Studio album by The Tragically Hip
- Released: April 7, 2009
- Recorded: August–October 2008
- Studio: The Bathouse (Bath, Ontario); The Warehouse (Vancouver); The Orange Lounge (Toronto);
- Genre: Alternative rock
- Length: 57:21
- Label: Universal
- Producer: Bob Rock

The Tragically Hip chronology
| World Container (2006) | We Are the Same (2009) | Now for Plan A (2012) |

Singles from We Are the Same
- "Love Is a First" Released: 2009; "Morning Moon" Released: 2009; "Speed River" Released: 2009;

= We Are the Same =

We Are the Same is the 11th studio album by Canadian rock band The Tragically Hip, released April 7, 2009 on Universal Music Canada, and by Zoë Records in the United States. The album was recorded at The Bathouse Recording Studio in Bath, Ontario with producer Bob Rock.

The opening track, "Morning Moon", was released on the band's website in advance of the album's release. The first single, "Love Is a First", was released February 27, 2009 and peaked at #22 on the Canadian Hot 100.
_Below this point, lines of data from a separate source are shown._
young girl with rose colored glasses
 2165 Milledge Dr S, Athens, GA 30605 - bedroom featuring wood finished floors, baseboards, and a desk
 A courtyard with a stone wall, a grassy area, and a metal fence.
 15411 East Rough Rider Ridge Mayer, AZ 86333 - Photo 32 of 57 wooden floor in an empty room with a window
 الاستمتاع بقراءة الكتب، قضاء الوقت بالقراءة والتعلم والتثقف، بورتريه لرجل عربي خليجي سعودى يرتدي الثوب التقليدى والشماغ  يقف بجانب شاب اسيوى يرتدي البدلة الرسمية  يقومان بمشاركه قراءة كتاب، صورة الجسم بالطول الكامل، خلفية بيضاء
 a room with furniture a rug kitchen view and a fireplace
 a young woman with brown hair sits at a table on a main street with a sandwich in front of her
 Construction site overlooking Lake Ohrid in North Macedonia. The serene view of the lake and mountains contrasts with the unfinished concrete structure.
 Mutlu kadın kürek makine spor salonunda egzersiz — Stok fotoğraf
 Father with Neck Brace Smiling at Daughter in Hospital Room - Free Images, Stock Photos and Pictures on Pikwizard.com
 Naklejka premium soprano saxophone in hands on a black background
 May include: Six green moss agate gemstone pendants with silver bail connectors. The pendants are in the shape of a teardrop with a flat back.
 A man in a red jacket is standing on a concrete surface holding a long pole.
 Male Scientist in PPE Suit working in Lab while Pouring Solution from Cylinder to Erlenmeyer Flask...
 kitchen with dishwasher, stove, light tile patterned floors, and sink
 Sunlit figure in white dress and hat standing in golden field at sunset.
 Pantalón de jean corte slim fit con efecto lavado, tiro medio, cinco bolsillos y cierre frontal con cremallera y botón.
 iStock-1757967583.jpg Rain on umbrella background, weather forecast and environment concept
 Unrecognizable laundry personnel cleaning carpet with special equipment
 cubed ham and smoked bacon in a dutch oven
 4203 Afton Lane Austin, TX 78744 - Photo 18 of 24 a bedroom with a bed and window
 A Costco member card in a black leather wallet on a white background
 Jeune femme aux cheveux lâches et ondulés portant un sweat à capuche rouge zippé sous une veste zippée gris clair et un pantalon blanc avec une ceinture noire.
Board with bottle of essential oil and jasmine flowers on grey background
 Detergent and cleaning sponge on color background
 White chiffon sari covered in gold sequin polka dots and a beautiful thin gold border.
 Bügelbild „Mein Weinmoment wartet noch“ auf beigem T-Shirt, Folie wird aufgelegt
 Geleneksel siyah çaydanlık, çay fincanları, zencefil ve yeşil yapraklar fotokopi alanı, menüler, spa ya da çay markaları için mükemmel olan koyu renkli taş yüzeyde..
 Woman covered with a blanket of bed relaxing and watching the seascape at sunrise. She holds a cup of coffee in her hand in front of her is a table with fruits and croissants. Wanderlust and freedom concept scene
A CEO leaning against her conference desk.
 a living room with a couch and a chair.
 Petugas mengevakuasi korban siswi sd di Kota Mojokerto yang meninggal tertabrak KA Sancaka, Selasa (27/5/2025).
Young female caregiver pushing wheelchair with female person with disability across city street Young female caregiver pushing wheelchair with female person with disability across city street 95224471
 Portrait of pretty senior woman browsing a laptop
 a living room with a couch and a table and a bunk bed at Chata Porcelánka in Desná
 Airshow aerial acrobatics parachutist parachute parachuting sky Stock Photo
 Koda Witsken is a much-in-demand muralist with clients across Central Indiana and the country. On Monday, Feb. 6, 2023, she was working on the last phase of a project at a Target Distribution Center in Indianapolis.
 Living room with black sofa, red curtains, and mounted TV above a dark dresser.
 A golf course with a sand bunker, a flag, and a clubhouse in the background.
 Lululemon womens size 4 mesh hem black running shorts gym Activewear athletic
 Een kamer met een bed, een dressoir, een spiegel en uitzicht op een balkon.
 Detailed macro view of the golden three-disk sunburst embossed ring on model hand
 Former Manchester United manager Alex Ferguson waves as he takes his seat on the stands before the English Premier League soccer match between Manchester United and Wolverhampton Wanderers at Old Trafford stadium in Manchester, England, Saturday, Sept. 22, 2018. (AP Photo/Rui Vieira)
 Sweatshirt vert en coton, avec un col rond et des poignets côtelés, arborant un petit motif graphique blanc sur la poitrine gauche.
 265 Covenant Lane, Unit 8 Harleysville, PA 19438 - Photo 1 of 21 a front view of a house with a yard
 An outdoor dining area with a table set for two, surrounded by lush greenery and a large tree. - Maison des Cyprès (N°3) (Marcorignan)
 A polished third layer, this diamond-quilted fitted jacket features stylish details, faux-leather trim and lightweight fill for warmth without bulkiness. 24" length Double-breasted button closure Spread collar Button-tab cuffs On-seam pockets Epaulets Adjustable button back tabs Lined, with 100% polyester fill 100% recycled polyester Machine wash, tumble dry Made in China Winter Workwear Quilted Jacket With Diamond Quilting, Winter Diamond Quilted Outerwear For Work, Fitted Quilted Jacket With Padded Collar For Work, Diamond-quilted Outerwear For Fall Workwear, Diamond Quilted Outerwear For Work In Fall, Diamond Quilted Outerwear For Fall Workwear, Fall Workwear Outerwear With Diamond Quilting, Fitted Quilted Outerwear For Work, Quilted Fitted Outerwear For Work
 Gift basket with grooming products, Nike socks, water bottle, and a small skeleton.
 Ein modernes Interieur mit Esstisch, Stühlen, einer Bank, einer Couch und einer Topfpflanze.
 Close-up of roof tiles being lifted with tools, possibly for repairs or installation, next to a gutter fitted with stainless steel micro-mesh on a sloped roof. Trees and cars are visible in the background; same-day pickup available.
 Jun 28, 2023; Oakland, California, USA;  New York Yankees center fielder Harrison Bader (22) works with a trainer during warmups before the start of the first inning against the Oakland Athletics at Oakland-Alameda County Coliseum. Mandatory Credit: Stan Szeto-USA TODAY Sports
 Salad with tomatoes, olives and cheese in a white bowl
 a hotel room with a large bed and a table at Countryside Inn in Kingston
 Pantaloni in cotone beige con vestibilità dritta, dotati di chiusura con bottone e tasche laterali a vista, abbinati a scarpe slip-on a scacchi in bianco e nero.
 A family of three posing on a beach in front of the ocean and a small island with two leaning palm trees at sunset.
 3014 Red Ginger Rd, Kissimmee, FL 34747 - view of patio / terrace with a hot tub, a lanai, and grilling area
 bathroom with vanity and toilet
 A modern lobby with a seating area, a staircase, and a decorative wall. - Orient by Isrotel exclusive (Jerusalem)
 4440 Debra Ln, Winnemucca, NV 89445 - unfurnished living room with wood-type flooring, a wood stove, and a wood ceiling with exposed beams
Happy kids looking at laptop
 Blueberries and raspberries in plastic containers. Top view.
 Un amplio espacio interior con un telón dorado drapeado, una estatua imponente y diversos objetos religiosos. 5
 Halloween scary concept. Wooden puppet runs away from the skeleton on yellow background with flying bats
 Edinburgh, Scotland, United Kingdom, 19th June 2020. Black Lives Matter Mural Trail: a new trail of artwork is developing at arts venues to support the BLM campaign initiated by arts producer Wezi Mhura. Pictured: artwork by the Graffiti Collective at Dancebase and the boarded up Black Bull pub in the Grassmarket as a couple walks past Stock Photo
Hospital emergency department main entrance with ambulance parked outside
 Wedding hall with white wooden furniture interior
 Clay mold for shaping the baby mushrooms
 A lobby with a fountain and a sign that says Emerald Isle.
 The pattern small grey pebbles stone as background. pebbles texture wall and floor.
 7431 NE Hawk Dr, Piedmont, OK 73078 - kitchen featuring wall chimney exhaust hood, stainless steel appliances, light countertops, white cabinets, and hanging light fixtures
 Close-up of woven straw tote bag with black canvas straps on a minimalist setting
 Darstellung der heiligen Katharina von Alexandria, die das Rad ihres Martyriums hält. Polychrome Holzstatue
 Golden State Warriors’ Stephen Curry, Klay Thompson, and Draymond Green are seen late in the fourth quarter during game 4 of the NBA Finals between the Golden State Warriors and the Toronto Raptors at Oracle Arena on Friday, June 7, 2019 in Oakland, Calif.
On April 6, 2009, to coincide with the release of We Are the Same, The Tragically Hip performed at The Bathouse Recording Studio in a concert that was screened live in Cineplex theatres across Canada.

Professional ratings
Review scores
| Source | Rating |
| Allmusic | Star |
| The Buffalo News | (favourable) |
| Jam! | Star |
| The Toronto Star | Star |
| The Vancouver Sun | Star |

==Commercial performance==
The album sold just under 27,000 copies in its first week and debuted at #1 on the Canadian Albums Chart, making it the band's eighth #1 on the chart. In the U.S. it peaked at #148 on the Billboard 200. The album reached platinum certification in Canada the year it was released.

==Track listing==

Note
- "The Depression Suite" is subdivided into three different parts: "The Rock", "NewOrleansWorld", and "Don't You Wanna See How It Ends?"

| No. | Title | Length |
|---|---|---|
| 1. | "Morning Moon" | 4:01 |
| 2. | "Honey, Please" | 4:00 |
| 3. | "The Last Recluse" | 3:49 |
| 4. | "Coffee Girl" | 3:46 |
| 5. | "Now the Struggle Has a Name" | 6:04 |
| 6. | "The Depression Suite" | 9:27 |
| 7. | "The Exact Feeling" | 3:55 |
| 8. | "Queen of the Furrows" | 4:12 |
| 9. | "Speed River" | 4:28 |
| 10. | "Frozen in My Tracks" | 4:04 |
| 11. | "Love Is a First" | 3:43 |
| 12. | "Country Day" | 5:18 |
| Total length: |  | 57:21 |

iTunes and Telus pre-order bonus tracks
| No. | Title | Length |
|---|---|---|
| 13. | "Hush" | 2:29 |
| 14. | "Skeleton Park" | 3:47 |
| Total length: |  | 63:37 |

==Personnel==
Personnel taken from We Are the Same liner notes, except where noted.

The Tragically Hip
- Rob Baker
- Gord Downie
- Johnny Fay
- Paul Langlois
- Gord Sinclair

Additional musicians
- Kevin Hearn – piano, accordion
- John Webster – Hammond B3 organ
- Derry Byrne – trumpet
- Bob Buckley – string arrangements, strings
- Mary Brown, Karen Foster, Ruth Schipizky, Angela Cavadas, Jennie Press, Cameron Wilson, Deanne Eisch, Calvin Dyck, Zi Zhou, Andrew Brown, Reginald Quiring, Stephen Wilkes, Ari Barnes, Zoltan Rozsnyai, Joseph Elworthy – strings
- Bob Rock – background vocals
- Eric Helmkamp – background vocals

Technical personnel
- Bob Rock – production
- Eric Helmkamp – recording
- Aaron Holmberg – recording assistance (Bathouse)
- Jason "Metal" Donkersgoed – recording assistance (The Orange Lounge)
- Michael Gillies – additional engineering (Bathouse)
- Roger Monk – additional engineering (The Warehouse)
- Jens – mixing
- George Marino – mastering
- Garnet Armstrong – art direction, design
- Simon Paul – art direction, design
- Clemens Rikken – photography

==Charts==

===Weekly charts===

| Chart (2009) | Peak position |
|---|---|
| Canadian Albums (Billboard) | 1 |
| US Billboard 200 | 148 |

===Year-end charts===

| Chart (2009) | Position |
|---|---|
| Canadian Albums (Billboard) | 38 |

==Certifications==

| Region | Certification | Certified units/sales |
| Canada (Music Canada) | Platinum | 80,000^{^} |
^{^} Shipments figures based on certification alone.